Chapter 4. System Design for Recommending

Now that we have a foundational understanding of how recommendation system work, let’s take a closer look at what elements are needed and how to design a system that is capable of serving recommendations at industrial scale. Industrial scale in our context will primarily refer to Reasonable Scale[ML and MLOps at a reasonable scale], i.e. production applications for companies with 10’s-100’s of engineers working on the product, not 1000’s.

In theory, a recommendation system is a collection of math formulae which can take historical data about user-item interactions, and return probability estimates for user-item pair’s affinity. In practice, a recommendation system is 5, 10, maybe 20 software systems, communicating in real-time, working with limited information, restricted item-availability, and perpetually-out-of-sample behavior, all to ensure the user sees something.

This section is heavily influenced by the writing of Karl Higley, Even Oldridge, and Eugene Yan (c.f System Design for Recommendations and Search and Recommender systems not just recommender models).

Online vs Offline

Online vs. Offline
Figure 4-1. Real Time vs. Batch

Machine learning systems consist of the stuff that you do in advance, and the stuff that you do on the fly. This division, between online and offline, is a practical consideration about what information is necessary to perform tasks of various types. To observe and learn large-scale patterns, a system needs access to lots of data; this is the offline component. Performing inference, however, only requires the trained model and relevant input data. This is why many ML system architectures are structured in this way.

Frequent terminologies you’ll encounter for the two sides of the online-offline paradigm are batch and real-time. A batch process is something that does not require user input, often has longer expected time periods for completion, and is able to have all the necessary data available simultaneously. Batch processes often include things like training a model on historical data, augmenting one data set with an additional collection of features, or computationally expensive data transformations. Another characteristic you see more frequently in batch processes are that it works with the full relevant dataset involved, not only an instance of the data sliced by time or otherwise.

A real-time process is characterized by something that is carried out at time of request; said differently, something that is evaluated during the inference process. Examples include: providing a recommendation upon page load, updating next episode after the user finishes the last, re-ranking recommendations after one has been marked not interesting. Real-time processes are often resource-constrained because of the need for rapidity, but like many things in this domain, as the world’s computational resources expand, we change the definition of resource-constrained.

Let’s return to the previously introduced components–collector, ranker, server–and consider their roles in offline and online components. Recall the components introduced before ???.

Collector

The collector’s role is to know what is in the collection of things that may be recommended, and the necessary features or attributes of those things.

Offline Collector

The offline collector has access to, and is responsible for the largest data sets. Understanding all user-item interactions, user-similarities, item-similarities, feature stores for users and items, and building indices for nearest neighbor lookup are all under the purview of the offline collector. The offline collector needs to be able to access the relevant data extremely fast, and sometimes in large batches. For this purpose, they often implement sublinear search functions, or specifically tuned indexing structures to acheive this.
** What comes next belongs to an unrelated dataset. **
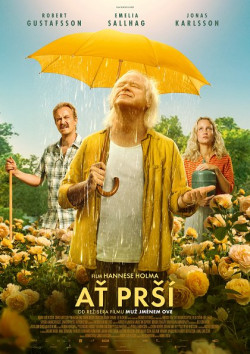 Český plakát filmu Ať prší / Regnmannen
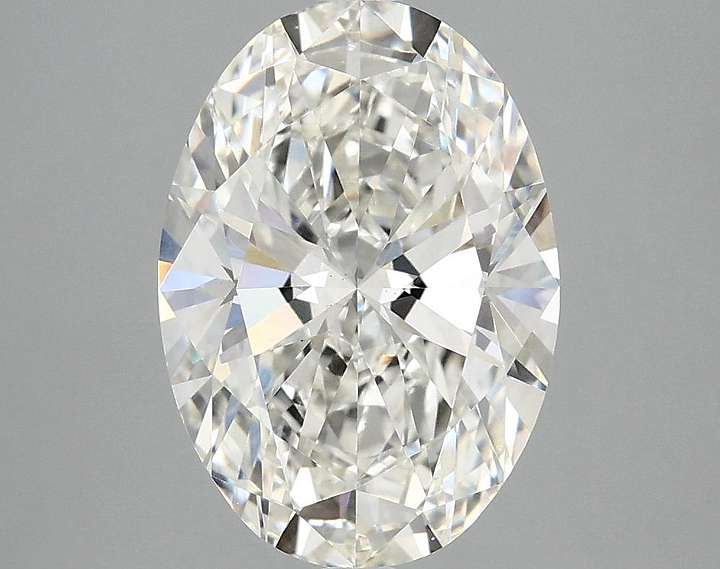 3.02 Carat Oval Shaped Ideal Cut VS1 IGI Certified Lab Grown Diamond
They may also leverage distributed compute for these transformations.

It’s important to remember that the offline collector needs not only access and knowledge of these datasets, but also will be responsible for writing the necessary downstream datasets to be used in real-time.

Online Collector

The online collector uses the information indexed and prepared by the offline collector, to provide real-time access to the parts of this data necessary for inference. This includes things like searching for nearest neighbors, augmenting an observation with features from a feature store, or full inventory catalog knowledge. The online collector will also need to handle recent user behavior – this will become especially importantwhen we see sequential recommenders.
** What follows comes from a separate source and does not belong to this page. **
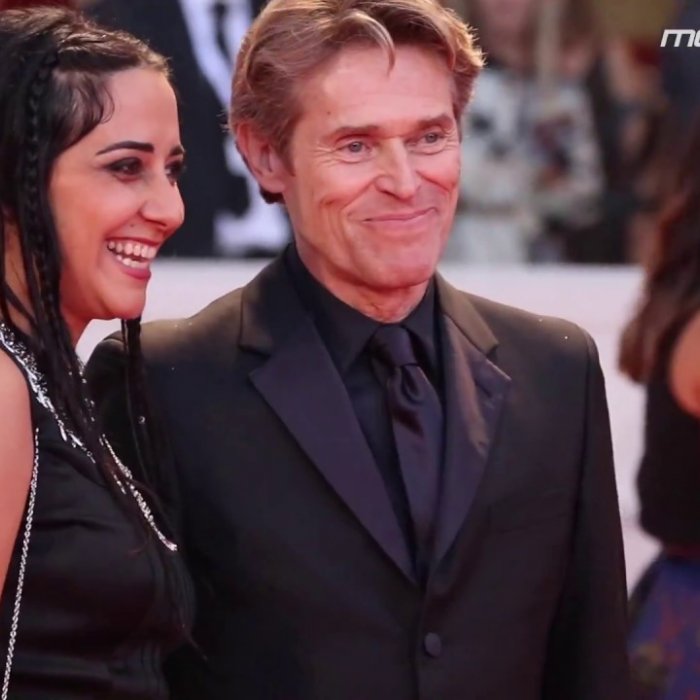 Willem Dafoe, Vince Vaughn e Mads Mikkelsen sul red carpet di Venezia 75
One additional role the online collector may take on is encoding a request. In the context of a search recommender, we wish to take the query, and encode it into the search space via an embedding model. For contextual recommenders, we need to encode the context into the latent space via an embedding model also.

Note

One popular subcomponent in the collector’s work will involve an embedding step (c.f. Machine Learning Design Patterns by Valliappa Lakshmanan, Sara Robinson, Michael Munn). The embedding step on the offline side involves both training the embedding model, and constructing the latent space for later use. On the online side, the embedding transformation will need to embed a query into the right space. In this way, the embedding model serves as a transformation that you include as part of your model architecture.

Ranker

The ranker’s role is to take the collection provided by the collector, and order some or all of them according to a model for the context and user. The ranker actually gets two components itself, the filtering and the scoring.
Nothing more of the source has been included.